25. Februar 2011

Jetzt auch in Frankfurt: Masterabschluss ohne Bachelor

Erststudium? Berufserfahrung!

In Rheinland-Pfalz, Hamburg und Schleswig Holstein dürfen Berufstätige, die bestimmte Kriterien erfüllen, bereits ohne Bachelor einen Master machen. Jetzt werden auch in Hessen die Hochschulgesetze geändert – die FH Frankfurt macht den Anfang und öffnet ihren MBA "Aviation Management" für Nicht-Akademiker.

 

Viele Akademiker-Lebensläufe sehen so aus: Erst das Bachelorstudium, dann wird der Master draufgesetzt und wer dann noch nicht genug hat, promoviert.
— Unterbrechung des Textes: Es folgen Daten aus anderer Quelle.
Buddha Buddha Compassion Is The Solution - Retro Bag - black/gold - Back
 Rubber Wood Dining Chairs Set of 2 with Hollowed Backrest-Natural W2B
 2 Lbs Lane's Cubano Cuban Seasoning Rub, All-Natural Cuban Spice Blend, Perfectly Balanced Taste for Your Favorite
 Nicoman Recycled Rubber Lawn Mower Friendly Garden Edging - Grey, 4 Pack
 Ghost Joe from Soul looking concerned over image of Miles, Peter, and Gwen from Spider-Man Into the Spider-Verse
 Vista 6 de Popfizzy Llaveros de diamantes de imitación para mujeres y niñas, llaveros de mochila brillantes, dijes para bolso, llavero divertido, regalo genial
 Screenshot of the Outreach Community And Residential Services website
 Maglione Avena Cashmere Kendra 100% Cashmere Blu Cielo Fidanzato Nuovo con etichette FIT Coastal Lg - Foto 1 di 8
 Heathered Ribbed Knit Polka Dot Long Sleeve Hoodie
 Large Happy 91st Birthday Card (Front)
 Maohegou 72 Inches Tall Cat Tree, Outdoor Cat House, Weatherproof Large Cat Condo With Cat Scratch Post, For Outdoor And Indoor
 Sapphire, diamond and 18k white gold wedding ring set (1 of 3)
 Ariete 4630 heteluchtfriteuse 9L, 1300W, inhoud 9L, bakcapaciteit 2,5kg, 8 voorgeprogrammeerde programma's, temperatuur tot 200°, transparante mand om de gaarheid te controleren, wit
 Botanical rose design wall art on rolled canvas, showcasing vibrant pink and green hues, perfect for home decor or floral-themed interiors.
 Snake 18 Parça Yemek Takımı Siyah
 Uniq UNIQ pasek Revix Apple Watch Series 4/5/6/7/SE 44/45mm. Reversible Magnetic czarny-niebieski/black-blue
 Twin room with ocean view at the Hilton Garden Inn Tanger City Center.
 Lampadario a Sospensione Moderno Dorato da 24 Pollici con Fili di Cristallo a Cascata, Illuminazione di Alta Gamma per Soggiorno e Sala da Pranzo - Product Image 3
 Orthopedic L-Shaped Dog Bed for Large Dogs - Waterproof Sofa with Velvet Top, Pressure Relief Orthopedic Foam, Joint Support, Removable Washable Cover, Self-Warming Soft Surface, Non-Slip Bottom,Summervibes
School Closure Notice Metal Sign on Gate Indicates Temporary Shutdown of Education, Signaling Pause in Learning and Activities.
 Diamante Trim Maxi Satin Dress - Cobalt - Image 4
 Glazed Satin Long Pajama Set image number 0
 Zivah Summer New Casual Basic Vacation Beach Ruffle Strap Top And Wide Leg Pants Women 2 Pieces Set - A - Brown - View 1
In Rheinland-Pfalz, Schleswig Holstein, Hamburg und neuerdings auch Hessen können Berufstätige das Erststudium aber umgehen, wenn sie über ausreichende Berufserfahrung und Qualifikationen verfügen. Dies wird über ein Eignungsfeststellungsverfahren geprüft. Die Regelungen sind von Land zu Land bzw. von Uni zu Uni unterschiedlich, bei allen wird jedoch (Fach-)Hochschulreife vorausgesetzt. In Rheinland-Pfalz gilt zum Beispiel: Bewerber benötigen eine mindestens fünfjährige anrechnungsfähige Berufspraxis (Ausbildung zählt nicht mit) und müssen die Eignungsprüfung bestehen. Bislang ist der Masterabschluss ohne Erststudium jedoch eher die Ausnahme.

 

Als erste hessische Hochschule hat die Fachhochschule Frankfurt zunächst einen berufsbegleitenden Master-Studiengang für Bewerber ohne Hochschulabschluss geöffnet. Der MBA "Aviation Management" macht den Anfang, bis Anfang 2012 sollen alle MBAs zwar ohne Bachelor, Magister oder Diplom, dafür aber über andere "Hürden" erreichbar sein: Interessenten müssen eine Eignungsprüfung ablegen und unter anderem nachweisen, dass sie über mindestens vier Jahre einschlägige Berufserfahrung verfügen. Im Rahmen der Eignungsprüfung sind außerdem vier Klausuren (je 90 Minuten) zu schreiben, ein Fachgespräch zu führen, eine wissenschaftliche Arbeit zu verfassen, die dem Bachelor-Niveau entspricht.

 

Studium oder zehn Jahre Berufserfahrung

Noch mehr Berufserfahrung muss mitbringen, wer sich an der AKAD-Privathochschule einen Fern-Master belegen möchte. Bewerber müssen zehn Jahre berufliche Erfahrung in einem kaufmännischen Beruf, Kenntnisse in unterschiedlichen betrieblichen Funktionsbereichen, fünf Jahre Führungstätigkeit und fundierte Englischkenntnisse mitbringen sowie Kenntnisse der wichtigsten (und aktuellen) Theorien, Prinzipien und Methoden des wissenschaftlichen Lehrgebietes.

 

Beispiel Hamburg

Nicht nur wirtschaftswissenschaftliche Studiengänge öffnen sich der neuen Zielgruppe. Die Uni Hamburg beispielsweise bietet den Masterstudiengangs "Integrative Lerntherapie" inzwischen auch für Nicht-Akademiker an: „Klar ist es für die Studiengänge mehr Aufwand, Tests zu erstellen, aber wir haben uns aber gefreut, dass wir uns öffnen können und Erzieherinnen, Logopädinnen oder Ergotherapeutinnen nun bei uns studieren können“, sagt Magdalene Asbeck von der Arbeitsstelle für wissenschaftliche Weiterbildung.

 

Die Öffnung der Hochschulen für neue Studenten lohnt sich: Wie eine Untersuchung der FH Trier zeigte, bringen die Teilnehmer ohne vorherigen Abschluss genauso gute Leistungen wie diejenigen mit Abschluss – in den praktischen Fächern sogar bessere. Allein die Betreuung der beruflich Qualifizierten, die noch nicht an einen Studienalltag gewöhnt sind, ist etwas aufwendiger. Doch dieser Aufwand sollte sich in Zeiten des aufkommenden Fachkräftemangels bewältigen lassen.